Problem requirements >> Please give back the listing below word for word, without the images.

Raw data >>
++++++

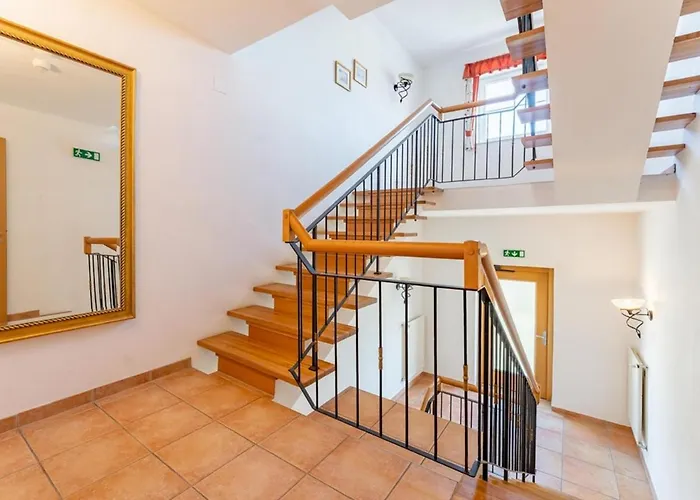 Apartamento Vicky Large Wildschoenau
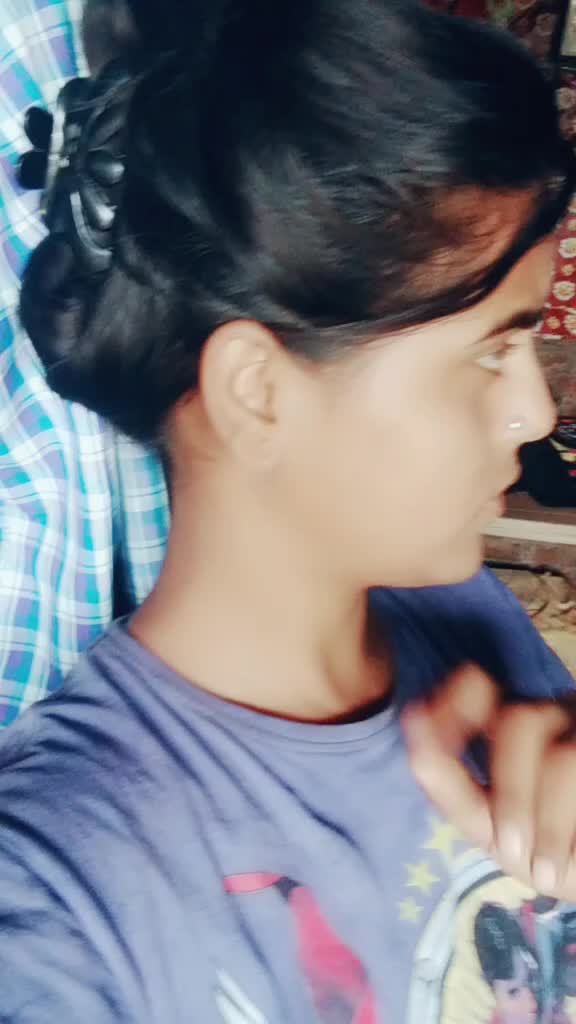 @Vaishnavi savarakar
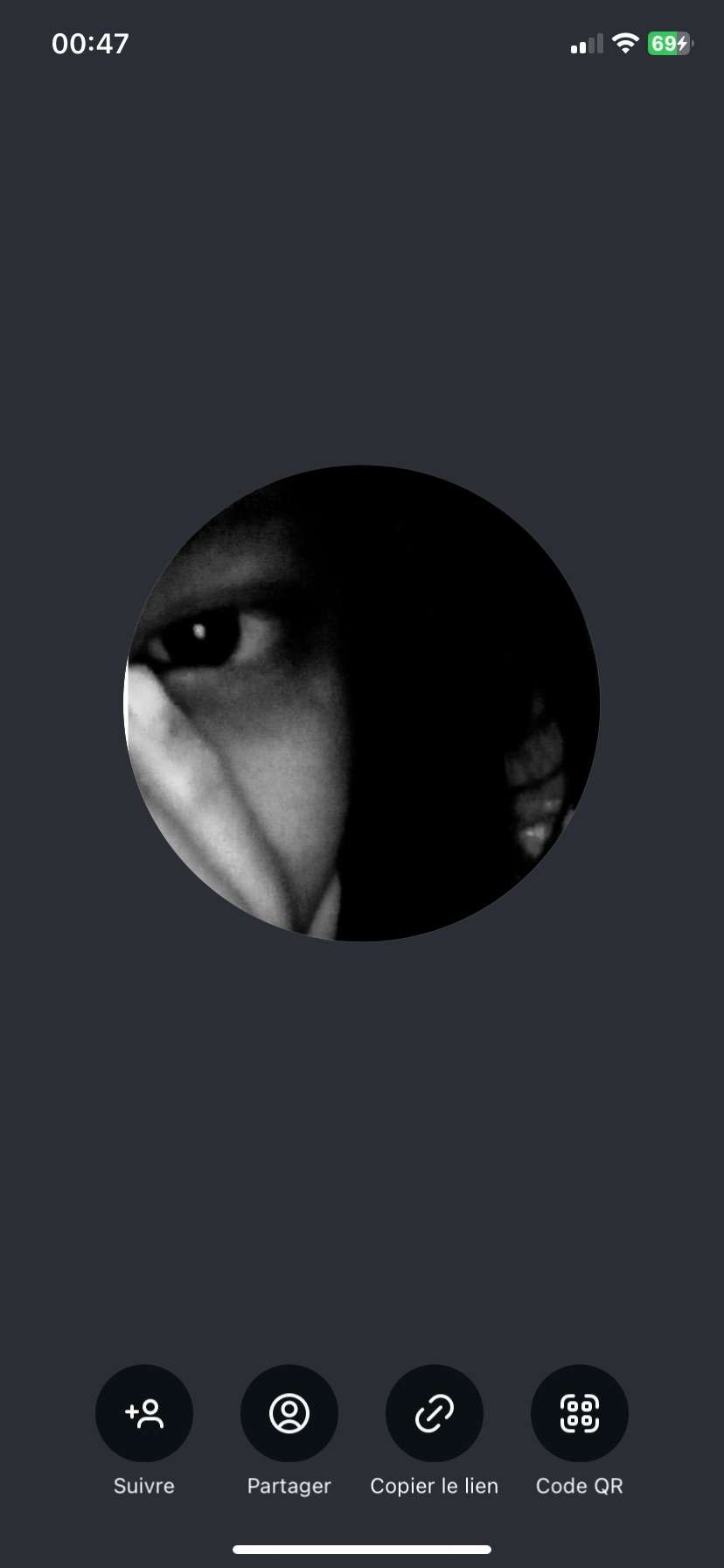 louise_trrcd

++++++

Answer to this task >>
 Apartamento Vicky Large Wildschoenau
 @Vaishnavi savarakar
 louise_trrcd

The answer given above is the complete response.